Monday, Feb. 10, 1958
The 119 Days
Just 119 days after the Russians sent Sputnik I into the skies, tearing a wound in U.S. pride and prestige, the Army's Explorer thundered off the launching pad at Cape Canaveral last week, a symbol of a new kind of U.S. strength. "The U.S.," said President Dwight Eisenhower, "has successfully placed a scientific earth satellite around the earth."
The 119 days between Sputnik I and Explorer were as important to the U.S. as perhaps any similar peacetime span in its history. To a few querulous quidnuncs they were a time for crying out, for attributing to Russian technology a gigantic leap in military power, for downrating beyond reason the present-day U.S. ability to keep the peace through unequaled sea and air strength.
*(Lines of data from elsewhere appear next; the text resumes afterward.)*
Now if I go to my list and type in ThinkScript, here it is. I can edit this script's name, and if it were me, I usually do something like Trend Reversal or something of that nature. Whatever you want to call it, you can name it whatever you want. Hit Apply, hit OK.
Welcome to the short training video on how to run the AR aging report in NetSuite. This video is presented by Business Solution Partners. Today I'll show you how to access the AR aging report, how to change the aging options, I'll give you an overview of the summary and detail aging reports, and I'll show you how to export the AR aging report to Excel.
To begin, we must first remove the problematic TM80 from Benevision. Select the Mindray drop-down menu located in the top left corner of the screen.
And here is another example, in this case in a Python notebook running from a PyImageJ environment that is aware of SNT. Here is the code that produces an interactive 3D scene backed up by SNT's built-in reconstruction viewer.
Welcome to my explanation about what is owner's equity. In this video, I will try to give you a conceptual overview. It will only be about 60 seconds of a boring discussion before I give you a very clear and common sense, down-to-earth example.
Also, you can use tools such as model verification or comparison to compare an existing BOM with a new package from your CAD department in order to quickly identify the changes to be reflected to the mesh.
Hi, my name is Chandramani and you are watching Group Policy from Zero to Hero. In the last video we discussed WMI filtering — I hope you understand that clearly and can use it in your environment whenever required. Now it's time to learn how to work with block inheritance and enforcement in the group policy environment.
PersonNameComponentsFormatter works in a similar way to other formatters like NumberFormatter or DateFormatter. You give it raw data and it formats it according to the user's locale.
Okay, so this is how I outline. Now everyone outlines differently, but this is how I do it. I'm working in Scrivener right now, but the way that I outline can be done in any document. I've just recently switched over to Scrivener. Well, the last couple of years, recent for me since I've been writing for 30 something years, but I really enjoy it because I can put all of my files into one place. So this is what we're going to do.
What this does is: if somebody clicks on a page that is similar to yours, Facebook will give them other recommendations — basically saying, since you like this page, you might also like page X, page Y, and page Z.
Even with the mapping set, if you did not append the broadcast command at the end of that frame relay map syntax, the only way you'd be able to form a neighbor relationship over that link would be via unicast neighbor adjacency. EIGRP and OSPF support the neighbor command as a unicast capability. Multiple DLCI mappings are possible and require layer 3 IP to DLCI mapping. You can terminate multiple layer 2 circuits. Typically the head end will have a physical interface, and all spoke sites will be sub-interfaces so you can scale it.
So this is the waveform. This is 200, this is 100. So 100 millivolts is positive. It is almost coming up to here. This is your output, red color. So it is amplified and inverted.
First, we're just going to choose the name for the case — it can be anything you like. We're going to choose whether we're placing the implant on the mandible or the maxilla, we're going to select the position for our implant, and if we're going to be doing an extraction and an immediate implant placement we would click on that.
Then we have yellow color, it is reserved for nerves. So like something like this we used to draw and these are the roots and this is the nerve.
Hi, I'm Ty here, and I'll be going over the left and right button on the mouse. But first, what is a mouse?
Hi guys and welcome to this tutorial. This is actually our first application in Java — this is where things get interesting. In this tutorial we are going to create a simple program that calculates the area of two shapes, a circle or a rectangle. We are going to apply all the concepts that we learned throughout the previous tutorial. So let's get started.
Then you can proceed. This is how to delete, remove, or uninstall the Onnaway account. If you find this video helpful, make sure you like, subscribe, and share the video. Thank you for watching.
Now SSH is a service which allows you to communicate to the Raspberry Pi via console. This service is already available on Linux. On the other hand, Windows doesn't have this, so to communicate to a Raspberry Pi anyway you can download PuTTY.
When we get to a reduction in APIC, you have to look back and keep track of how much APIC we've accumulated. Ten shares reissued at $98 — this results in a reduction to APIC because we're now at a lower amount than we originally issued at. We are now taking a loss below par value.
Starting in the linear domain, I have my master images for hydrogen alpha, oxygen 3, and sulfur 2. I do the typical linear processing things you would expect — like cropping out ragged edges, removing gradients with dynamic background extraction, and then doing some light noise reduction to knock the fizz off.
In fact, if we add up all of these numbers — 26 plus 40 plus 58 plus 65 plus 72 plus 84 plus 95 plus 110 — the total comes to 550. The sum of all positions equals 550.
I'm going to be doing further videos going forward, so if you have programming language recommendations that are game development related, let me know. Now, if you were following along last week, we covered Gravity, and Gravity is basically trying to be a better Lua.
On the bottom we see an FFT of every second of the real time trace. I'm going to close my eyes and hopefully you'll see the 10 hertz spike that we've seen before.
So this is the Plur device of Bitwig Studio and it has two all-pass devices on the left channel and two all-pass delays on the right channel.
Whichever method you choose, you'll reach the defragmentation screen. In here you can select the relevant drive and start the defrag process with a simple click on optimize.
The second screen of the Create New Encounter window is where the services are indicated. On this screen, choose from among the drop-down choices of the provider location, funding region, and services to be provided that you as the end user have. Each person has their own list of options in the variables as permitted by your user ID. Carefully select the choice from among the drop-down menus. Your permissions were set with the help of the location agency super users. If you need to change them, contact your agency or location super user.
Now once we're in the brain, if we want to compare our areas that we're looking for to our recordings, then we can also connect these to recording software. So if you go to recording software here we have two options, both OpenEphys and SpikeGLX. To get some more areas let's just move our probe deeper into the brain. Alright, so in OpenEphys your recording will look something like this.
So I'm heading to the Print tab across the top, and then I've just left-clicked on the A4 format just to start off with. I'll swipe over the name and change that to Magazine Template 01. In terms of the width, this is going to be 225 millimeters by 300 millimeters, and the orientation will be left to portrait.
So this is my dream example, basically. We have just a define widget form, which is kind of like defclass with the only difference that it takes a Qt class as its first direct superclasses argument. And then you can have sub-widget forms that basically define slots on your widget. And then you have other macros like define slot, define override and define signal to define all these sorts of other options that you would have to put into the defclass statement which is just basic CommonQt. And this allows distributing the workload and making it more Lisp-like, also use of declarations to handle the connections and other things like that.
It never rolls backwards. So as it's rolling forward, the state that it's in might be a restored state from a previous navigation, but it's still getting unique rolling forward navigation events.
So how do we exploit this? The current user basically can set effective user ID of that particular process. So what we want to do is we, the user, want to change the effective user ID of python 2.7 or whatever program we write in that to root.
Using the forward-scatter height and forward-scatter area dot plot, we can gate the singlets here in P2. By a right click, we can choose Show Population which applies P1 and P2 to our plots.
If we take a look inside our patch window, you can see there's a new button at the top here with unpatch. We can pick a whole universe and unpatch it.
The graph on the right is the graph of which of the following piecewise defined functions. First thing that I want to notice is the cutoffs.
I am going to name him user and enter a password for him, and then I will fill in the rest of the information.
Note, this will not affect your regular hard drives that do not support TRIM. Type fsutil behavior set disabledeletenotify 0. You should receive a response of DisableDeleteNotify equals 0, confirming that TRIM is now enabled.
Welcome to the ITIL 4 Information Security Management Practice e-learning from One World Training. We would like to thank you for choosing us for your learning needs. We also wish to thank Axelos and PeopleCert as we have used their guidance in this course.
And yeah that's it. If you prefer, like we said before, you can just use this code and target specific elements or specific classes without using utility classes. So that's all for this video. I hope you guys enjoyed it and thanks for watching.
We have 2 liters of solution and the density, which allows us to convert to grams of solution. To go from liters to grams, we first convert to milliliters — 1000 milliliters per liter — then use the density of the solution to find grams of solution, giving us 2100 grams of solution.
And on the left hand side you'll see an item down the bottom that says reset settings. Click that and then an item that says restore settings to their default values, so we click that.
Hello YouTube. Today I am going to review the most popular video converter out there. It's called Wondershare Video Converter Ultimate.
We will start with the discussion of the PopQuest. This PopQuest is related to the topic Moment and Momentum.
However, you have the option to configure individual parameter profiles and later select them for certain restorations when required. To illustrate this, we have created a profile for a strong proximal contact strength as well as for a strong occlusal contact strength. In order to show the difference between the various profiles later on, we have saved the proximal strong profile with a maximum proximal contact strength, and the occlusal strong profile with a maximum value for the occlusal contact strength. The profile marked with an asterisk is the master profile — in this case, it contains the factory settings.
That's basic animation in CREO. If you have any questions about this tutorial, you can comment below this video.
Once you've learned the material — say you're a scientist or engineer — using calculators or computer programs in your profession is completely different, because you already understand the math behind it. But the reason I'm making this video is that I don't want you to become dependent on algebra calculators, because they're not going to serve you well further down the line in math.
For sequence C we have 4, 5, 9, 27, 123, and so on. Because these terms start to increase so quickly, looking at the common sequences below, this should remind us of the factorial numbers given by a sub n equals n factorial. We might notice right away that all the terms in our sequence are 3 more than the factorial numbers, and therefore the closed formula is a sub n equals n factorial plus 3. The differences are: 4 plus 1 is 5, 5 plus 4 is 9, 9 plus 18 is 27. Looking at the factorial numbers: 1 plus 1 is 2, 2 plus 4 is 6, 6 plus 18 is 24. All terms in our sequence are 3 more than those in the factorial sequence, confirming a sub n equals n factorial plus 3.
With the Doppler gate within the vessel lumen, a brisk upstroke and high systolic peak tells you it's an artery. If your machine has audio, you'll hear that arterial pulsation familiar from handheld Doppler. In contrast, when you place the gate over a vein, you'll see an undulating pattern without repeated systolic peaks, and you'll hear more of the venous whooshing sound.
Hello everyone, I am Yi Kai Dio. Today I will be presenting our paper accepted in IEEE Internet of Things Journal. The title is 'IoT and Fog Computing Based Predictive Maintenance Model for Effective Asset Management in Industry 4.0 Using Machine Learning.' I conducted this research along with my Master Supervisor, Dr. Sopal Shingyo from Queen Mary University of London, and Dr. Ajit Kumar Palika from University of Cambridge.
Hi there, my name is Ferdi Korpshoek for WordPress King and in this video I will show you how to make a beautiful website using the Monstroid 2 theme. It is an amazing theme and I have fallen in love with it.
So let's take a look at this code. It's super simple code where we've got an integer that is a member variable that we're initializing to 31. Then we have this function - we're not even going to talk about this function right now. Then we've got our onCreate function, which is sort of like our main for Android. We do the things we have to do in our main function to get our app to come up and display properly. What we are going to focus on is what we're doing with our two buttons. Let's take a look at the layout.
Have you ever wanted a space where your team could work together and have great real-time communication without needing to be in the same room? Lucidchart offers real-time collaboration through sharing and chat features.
On an Administration all too satisfied with things as they are, Sputnik forced a review of policies and the uncomfortable discovery that the major shortcomings lay in top-level decision-making and policy-planning. To diplomats the 119 days provided a soul-searing object lesson that free-world diplomacy, for all of its ideals, cannot be successful without clearly evident U.S. strength.
The Explorer itself was a special kind of reality. It was smaller and lighter than the Sputniks (30.80 lbs. v. Sputnik I's 184 lbs., Sputnik II's 1,120 lbs.). But its mere appearance in orbit only 84 days after Defense Secretary Neil McElroy's order to launch proved beyond doubt that the U.S., had it made the sensible policy decisions, could have launched the first satellite a year before as the Army urged (see below)--or 119 days before.
In accidental symbolism the Explorer's success drove the Russian propaganda campaign for a summit meeting off the front pages. Overseas, U.S. allies generally cheered Explorer's success more enthusiastically than did the cautious U.S. itself. At home, TIME correspondents in 22 U.S. cities reported that citizens generally shrugged their shoulders, said they knew it would happen, or said, "It's about time."
The shoulder-shruggers had a point. The Explorer was a predictable accomplishment--and by no means the last one the U.S. would demand. "We are competing only in spirit with Sputnik so far," said Explorer's Rocket Scientist Wernher von Braun, "not in hardware yet."